Advantages of an extraction-free PCR test
The Fluidigm COVID-19 diagnostic test uses an extraction-free workflow that confers multiple benefits:

  • Collection is performed using a sterile tube with no preservatives—a significantly less costly option than other collection devices.
  • The elimination of an extraction step mitigates supply chain constraints and makes the test more economical.
  • The test requires less than 100µL of saliva, reducing sample rejection rates.
  • The test kit is manufactured and distributed under the Fluidigm quality system, which also offers dedicated customer support.

PCR test vs. a rapid antigen test
Antigen tests, though rapid, detect only small pieces of the virus and cannot make more copies of the targets they are designed to detect. Sensitivity is therefore limited by the original amount of target material present within the sample. By comparison, the PCR process targets one or more viral genome segments that can be readily amplified to boost sensitivity. For this reason, molecular PCR testing methods statistically outperform antigen testing on sensitivity6 and the CDC calls the molecular test the gold standard for clinical diagnostic detection of SARS-CoV-2.

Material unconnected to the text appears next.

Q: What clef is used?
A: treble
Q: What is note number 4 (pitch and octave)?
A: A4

As antigen tests are less sensitive than most PCR-based tests such as the Fluidigm PCR test, they have a higher false negative rate. For this reason, according to FDA guidance, if you test negative with an antigen test, a molecular test may be prescribed by your health care provider to confirm the result.

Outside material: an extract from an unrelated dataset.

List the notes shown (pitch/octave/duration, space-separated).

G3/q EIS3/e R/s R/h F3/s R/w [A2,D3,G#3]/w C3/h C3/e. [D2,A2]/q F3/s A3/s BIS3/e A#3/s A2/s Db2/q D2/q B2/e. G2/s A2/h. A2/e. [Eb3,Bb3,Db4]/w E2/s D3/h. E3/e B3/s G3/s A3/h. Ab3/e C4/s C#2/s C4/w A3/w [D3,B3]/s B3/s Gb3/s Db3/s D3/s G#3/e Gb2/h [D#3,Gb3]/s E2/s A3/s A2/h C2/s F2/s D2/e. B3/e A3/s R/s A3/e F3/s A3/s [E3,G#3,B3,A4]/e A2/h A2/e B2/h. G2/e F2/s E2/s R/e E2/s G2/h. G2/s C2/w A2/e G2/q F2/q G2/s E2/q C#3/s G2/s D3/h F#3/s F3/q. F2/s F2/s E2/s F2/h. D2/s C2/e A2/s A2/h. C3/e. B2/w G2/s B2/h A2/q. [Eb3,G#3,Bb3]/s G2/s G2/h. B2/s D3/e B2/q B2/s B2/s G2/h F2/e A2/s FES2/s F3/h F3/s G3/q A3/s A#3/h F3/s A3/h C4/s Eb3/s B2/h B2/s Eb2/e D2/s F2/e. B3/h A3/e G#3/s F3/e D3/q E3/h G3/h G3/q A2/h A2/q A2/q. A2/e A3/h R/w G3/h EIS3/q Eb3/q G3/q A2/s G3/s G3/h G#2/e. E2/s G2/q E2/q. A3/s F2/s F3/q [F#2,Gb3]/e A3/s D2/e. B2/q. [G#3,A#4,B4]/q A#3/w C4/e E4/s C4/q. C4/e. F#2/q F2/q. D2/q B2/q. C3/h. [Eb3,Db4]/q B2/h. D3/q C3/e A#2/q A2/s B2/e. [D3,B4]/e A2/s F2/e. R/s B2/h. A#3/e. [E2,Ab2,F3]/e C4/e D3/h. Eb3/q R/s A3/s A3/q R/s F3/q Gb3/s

* Actual results may vary based upon the following factors, including but not limited to laboratory processes, workflows, equipment and the number of operators.

References:
  1. Wyllie, A.L., Fournier J., Casanovas-Massana, A. et al. “Saliva or nasopharyngeal swab specimens for detection of SARS-CoV-2.” New England Journal of Medicine (2020): 1,283–6.
  2. Hanson, K.E., Barker, A.P., Hillyard, D.R. N. et al. “Self-collected anterior nasal and saliva specimens versus health care worker-collected nasopharyngeal swabs for the molecular detection of SARS-CoV-2.” Journal of Clinical Microbiology (2020): e01824-20.
  3. Rao M., Rashid F.A., Sabri F.S.A.H. et al. “Comparing nasopharyngeal swab and early morning saliva for the identification of SARS-CoV-2.” Clinical Infectious Diseases (2020): ciaa1156.
  4. Teo, A.K.J., Choudhury, Y., Tan, L.B. et al. “Validation of saliva and self-administered nasal swabs for COVID-19 testing.” MedRxiv (2020): doi:2020.08.13.20173807.
  5. Kojima, N., Turner, F., Slepnev, V. et al. “Self-collected oral fluid and nasal swabs demonstrate comparable sensitivity to clinician collected nasopharyngeal swabs for Covid-19 detection.” MedRxiv (2020): doi:2020.04.11.20062372.
  6. Scohy, A., Anantharajah, A., Bodeus, M. et al. “Low performance of rapid antigen detection test as frontline testing for COVID-19 diagnosis.” Journal of Clinical Virology (2020): 104455.